THE PROBLEM:
Transcribe the records below in their entirety, and leave out each image.

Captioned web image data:
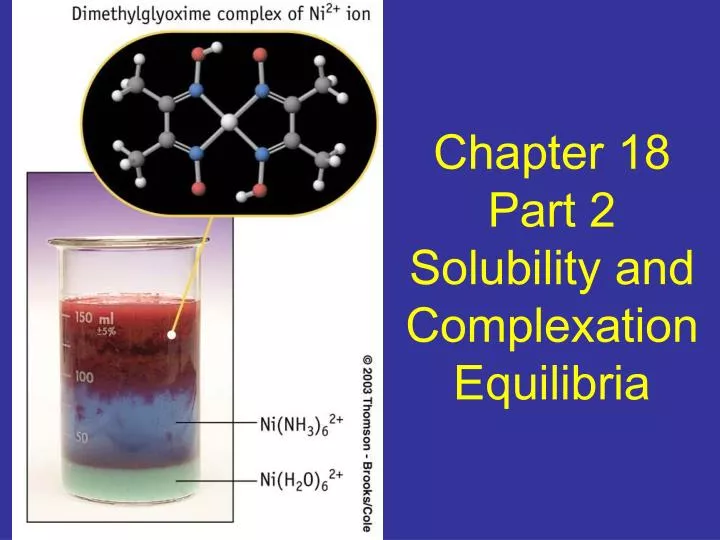 chapter 18 part 2 solubility and complexation equilibria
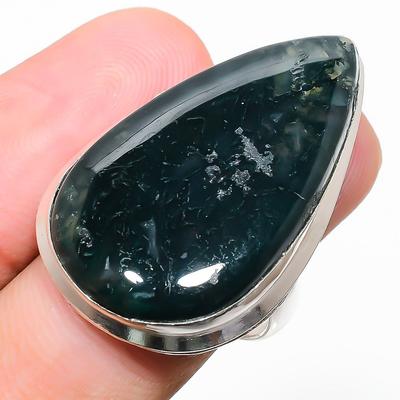 Natural Indian Moss Agate Gemstone 925 Sterling Silver Ring Size 6.5 O4o05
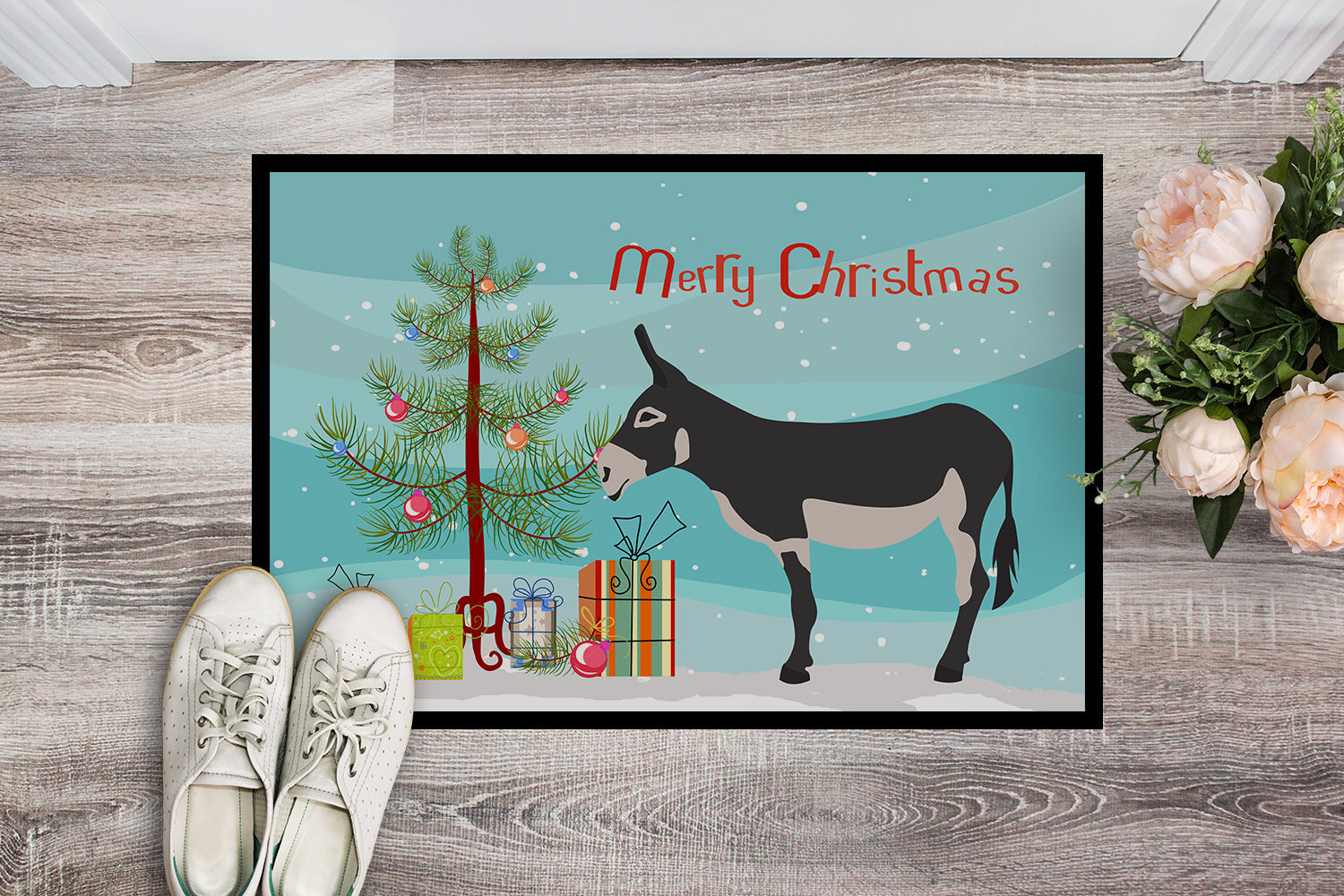 American Mammoth Jack Donkey Christmas Doormat Indoor Outdoor 24H X 36W Front Door Mat Rugs for Entryway, Non Slip Washable Low Pile,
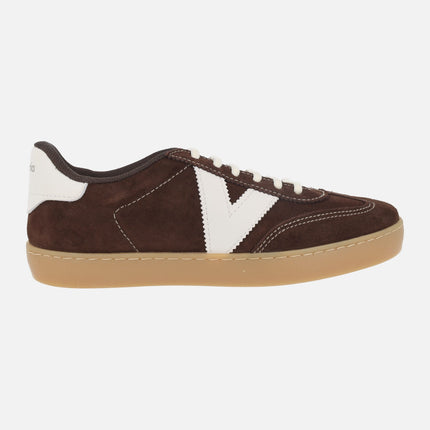 Zapatillas deportivas Berlín ciclista serraje y contraste en marrón chocolate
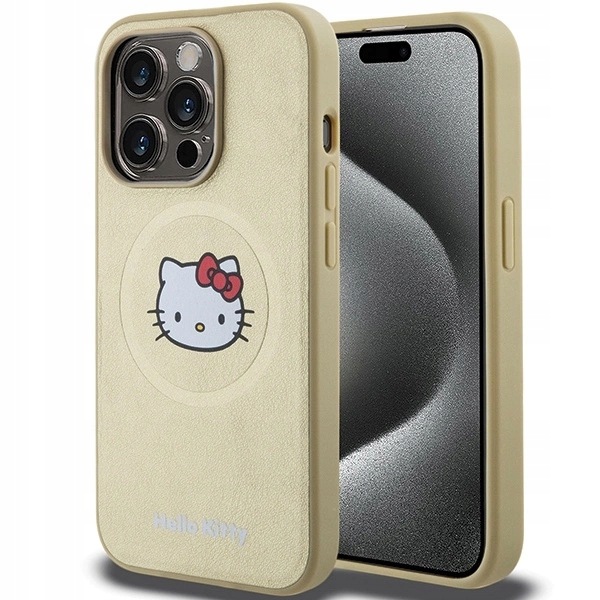 Etui Hello Kitty Leather Kitty Head MagSafe na iPhone 13 Pro Max złote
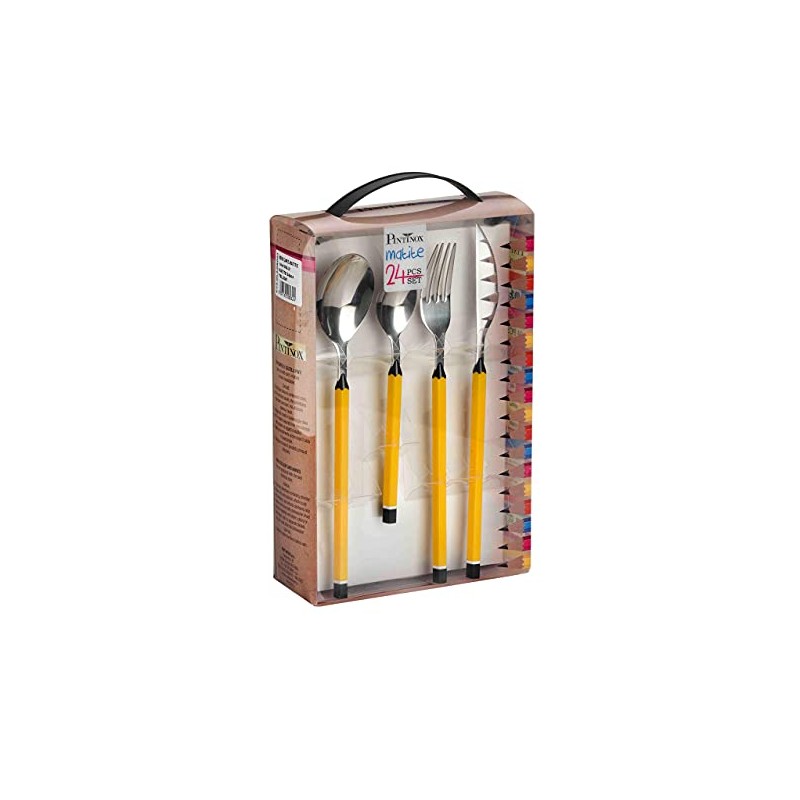 PINTINOX MENAGERE 24 PIECES MATITE JAUNE 0LA0B091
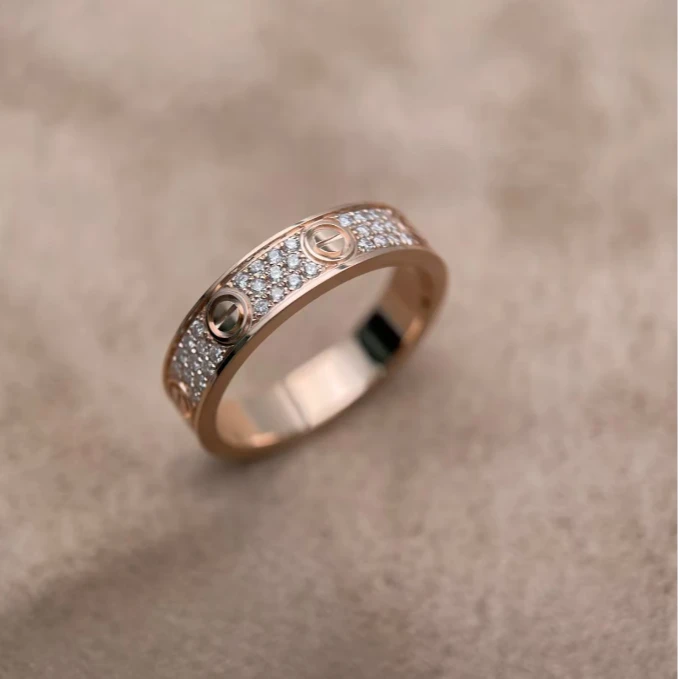 99新 Cartier/卡地亚 大头活动LOVE 满钻 三排钻 窄版戒指 56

YOUR SOLUTION:
 chapter 18 part 2 solubility and complexation equilibria
 Natural Indian Moss Agate Gemstone 925 Sterling Silver Ring Size 6.5 O4o05
 American Mammoth Jack Donkey Christmas Doormat Indoor Outdoor 24H X 36W Front Door Mat Rugs for Entryway, Non Slip Washable Low Pile,
 Zapatillas deportivas Berlín ciclista serraje y contraste en marrón chocolate
 Etui Hello Kitty Leather Kitty Head MagSafe na iPhone 13 Pro Max złote
 PINTINOX MENAGERE 24 PIECES MATITE JAUNE 0LA0B091
 99新 Cartier/卡地亚 大头活动LOVE 满钻 三排钻 窄版戒指 56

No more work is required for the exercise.